The problem relates to a proof of a previous statement, so I shall present it first:
"Suppose P is a self-adjoint operator on an inner product space V and $\langle P(u),u \rangle$ ≥ 0 for every u ∈ V, prove P=T² for some self-adjoint operator T.

Because P is self-adjoint, there exists an orthonormal basis{ $u_1,...,u_n$} of V consisting of eigenvectors of P; say, $P(u_i)=\lambda_iu_i$. Since P is self-adjoint, the $\lambda_i$ are real, also, since $0≤ \langle P(u_i),u_i \rangle = \lambda_i\langle u_i,u_i \rangle$ and $\langle u_i,u_i \rangle ≥ 0$, $\lambda_i$ ≥ 0 for all $\lambda_i$."
The rest of the proof defines $T(u_i)=\sqrt{\lambda_i}u_i$ for i=1,...,n and shows how $T^2=P$

Now for the question itself: Consider the operator T defined by $T(u_i)=\sqrt{\lambda_i}u_i$, $i=1,...,n$ in the above proof. Show that T is positive and that it is the only positive operator for which $T^2=P$.

2. Homework Equations
N/A

The Attempt at a Solution

I have already proven that $T$ is positive with relative ease, my problem is proving its uniqueness. I have tried to define a second positive operator $T'$ such that $T'^2=P$ and show that $T'=T$. I've tried showing they agree on a basis, using their properties as self-adjoint operators by messing around with inner products and so on but with no success.
Help would be appreciated.

 

[Ray Vickson]

Homework Statement

The problem relates to a proof of a previous statement, so I shall present it first:
"Suppose P is a self-adjoint operator on an inner product space V and $\langle P(u),u \rangle$ ≥ 0 for every u ∈ V, prove P=T² for some self-adjoint operator T.

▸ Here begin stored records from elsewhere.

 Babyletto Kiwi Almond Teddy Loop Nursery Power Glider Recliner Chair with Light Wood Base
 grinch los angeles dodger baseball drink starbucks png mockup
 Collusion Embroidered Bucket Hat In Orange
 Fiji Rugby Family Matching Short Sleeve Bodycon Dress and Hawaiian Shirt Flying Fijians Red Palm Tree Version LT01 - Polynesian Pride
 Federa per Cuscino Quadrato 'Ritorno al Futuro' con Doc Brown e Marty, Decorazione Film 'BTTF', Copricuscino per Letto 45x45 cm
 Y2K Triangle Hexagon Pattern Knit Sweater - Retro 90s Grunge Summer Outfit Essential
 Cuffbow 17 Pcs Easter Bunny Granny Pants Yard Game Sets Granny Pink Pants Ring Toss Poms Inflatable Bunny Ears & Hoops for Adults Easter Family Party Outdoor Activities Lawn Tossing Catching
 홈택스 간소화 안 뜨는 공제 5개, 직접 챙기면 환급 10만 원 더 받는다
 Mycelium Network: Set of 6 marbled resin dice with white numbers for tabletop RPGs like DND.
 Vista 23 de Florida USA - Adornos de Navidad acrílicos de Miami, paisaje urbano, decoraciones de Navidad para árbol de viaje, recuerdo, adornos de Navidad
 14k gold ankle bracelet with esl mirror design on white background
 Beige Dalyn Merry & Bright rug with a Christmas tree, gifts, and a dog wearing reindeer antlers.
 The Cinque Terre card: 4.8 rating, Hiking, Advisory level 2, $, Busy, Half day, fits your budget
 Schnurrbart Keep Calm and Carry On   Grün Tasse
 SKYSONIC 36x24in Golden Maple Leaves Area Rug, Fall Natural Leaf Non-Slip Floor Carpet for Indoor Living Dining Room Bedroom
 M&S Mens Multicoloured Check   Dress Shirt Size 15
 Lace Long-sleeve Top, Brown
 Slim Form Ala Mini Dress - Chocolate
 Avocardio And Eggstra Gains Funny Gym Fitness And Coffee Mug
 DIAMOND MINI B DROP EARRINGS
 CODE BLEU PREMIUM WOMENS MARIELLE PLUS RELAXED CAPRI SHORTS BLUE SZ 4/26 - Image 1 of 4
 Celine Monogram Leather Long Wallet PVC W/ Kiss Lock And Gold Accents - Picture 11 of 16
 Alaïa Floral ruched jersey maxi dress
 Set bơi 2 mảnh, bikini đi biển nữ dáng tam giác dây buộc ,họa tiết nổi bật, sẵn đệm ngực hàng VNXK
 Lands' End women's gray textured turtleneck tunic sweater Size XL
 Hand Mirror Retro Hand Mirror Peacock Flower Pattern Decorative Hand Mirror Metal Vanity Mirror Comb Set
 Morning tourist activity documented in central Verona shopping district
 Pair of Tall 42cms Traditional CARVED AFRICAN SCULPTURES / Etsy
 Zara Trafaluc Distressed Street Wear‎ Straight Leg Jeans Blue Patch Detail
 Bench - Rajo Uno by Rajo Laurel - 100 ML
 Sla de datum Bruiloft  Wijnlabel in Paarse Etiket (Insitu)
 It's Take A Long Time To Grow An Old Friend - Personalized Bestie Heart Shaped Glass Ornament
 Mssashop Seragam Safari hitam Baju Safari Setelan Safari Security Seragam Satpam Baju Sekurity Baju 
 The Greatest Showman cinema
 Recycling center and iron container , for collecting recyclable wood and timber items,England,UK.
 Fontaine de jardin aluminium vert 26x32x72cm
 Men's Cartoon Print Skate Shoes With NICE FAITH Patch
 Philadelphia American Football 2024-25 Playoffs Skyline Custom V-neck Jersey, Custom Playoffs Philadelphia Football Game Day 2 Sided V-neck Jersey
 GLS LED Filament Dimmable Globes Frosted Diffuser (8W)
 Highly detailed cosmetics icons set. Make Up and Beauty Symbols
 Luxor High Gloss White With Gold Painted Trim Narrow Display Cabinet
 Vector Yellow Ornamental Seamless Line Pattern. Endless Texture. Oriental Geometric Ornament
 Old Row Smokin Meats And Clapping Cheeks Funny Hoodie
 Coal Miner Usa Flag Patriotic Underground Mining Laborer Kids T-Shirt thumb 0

Because P is self-adjoint, there exists an orthonormal basis{ $u_1,...,u_n$} of V consisting of eigenvectors of P; say, $P(u_i)=\lambda_iu_i$. Since P is self-adjoint, the $\lambda_i$ are real, also, since $0≤ \langle P(u_i),u_i \rangle = \lambda_i\langle u_i,u_i \rangle$ and $\langle u_i,u_i \rangle ≥ 0$, $\lambda_i$ ≥ 0 for all $\lambda_i$."
The rest of the proof defines $T(u_i)=\sqrt{\lambda_i}u_i$ for i=1,...,n and shows how $T^2=P$

Now for the question itself: Consider the operator T defined by $T(u_i)=\sqrt{\lambda_i}u_i$, $i=1,...,n$ in the above proof. Show that T is positive and that it is the only positive operator for which $T^2=P$.

2. Homework Equations
N/A

The Attempt at a Solution

I have already proven that $T$ is positive with relative ease, my problem is proving its uniqueness. I have tried to define a second positive operator $T'$ such that $T'^2=P$ and show that $T'=T$. I've tried showing they agree on a basis, using their properties as self-adjoint operators by messing around with inner products and so on but with no success.
Help would be appreciated.

Why do you need uniqueness? The question (if accurately reproduced) does not claim that the $T$ you get is unique. (In fact, it cannot be unique, since both $T$ and $-T$ satisfy the theorem!)

 

[Adgorn]

Why do you need uniqueness? The question (if accurately reproduced) does not claim that the $T$ you get is unique. (In fact, it cannot be unique, since both $T$ and $-T$ satisfy the theorem!)

The original proof does not say claim T is unique but a remark below it says "The above operator T is the unique positive operator such that $P=T^2$, it is called the positive square root of P". In any case even if the theorem does not claim it, the question asks me to prove it.
Also while $-T$ might satisfy the theorem it does not contradict the question since the questions asks to prove T is the only positive operator for which $T^2=p$, since $-T$ is clearly not positive it is not relevant to the question.